I have spent more time and thoughts on the whole test suite, finishing
with the attached 0003 that applies on top of your own patches. I am
really looking forward to making this whole logic more robust, so as
WAL replay can be made itself more robust for the OOM/end-of-wal
detection on HEAD for standbys and crash recovery.
While looking at the whole, I have considered a few things that may
make the test cleaner, like:
- Calculating the segment name and its offset from the end_lsn of a
record directly from the backend, but it felt inelegant to pass
through more subroutine layers the couple ($segment, offset) rather
than just a LSN, so guessing the segment number and the offset while
the cluster is offline if OK by me.
- The TLI can be queried from the server rather than hardcoded.

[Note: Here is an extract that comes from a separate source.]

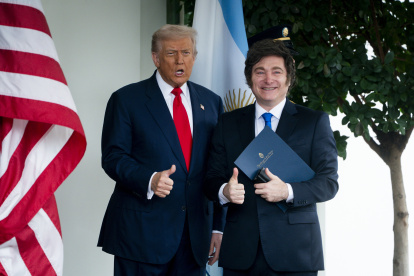 El presidente de Estados Unidos,Donald Trump y de Argentina, Javier Milei.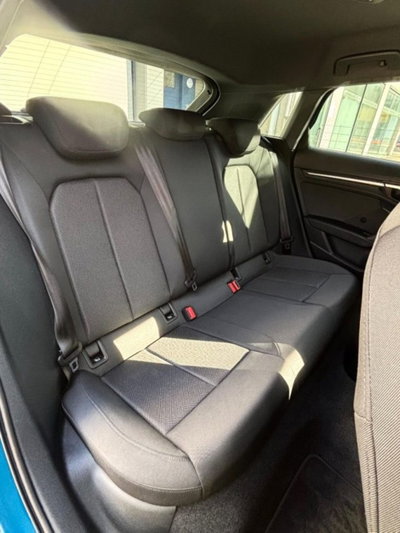 Audi A3 Sportback 30 TFSI S tronic Business Advanced (14)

- I've been thinking about bundling the tests of each sub-section in
their own subroutine, but that felt a bit awkward, particularly for
the part where we need a correct $prev_lsn in the record header
written to enforce other code paths.
- The test needs better documentation. One of the things I kept
staring at is cross-checking pack() and the dependency to the C
structures, so I have added more details there, explaining more the
whys and the hows.
I have also looked again at the C code for a few hours, and still got
the impression that this is rather solid. There are two things that
may be better:
- Document at the top of allocate_recordbuf() that this should never
be called with a length coming from a header until it is validated.
- Removing AllocSizeIsValid() for the non-FRONTEND path should be OK.
What do you think?
--
Michael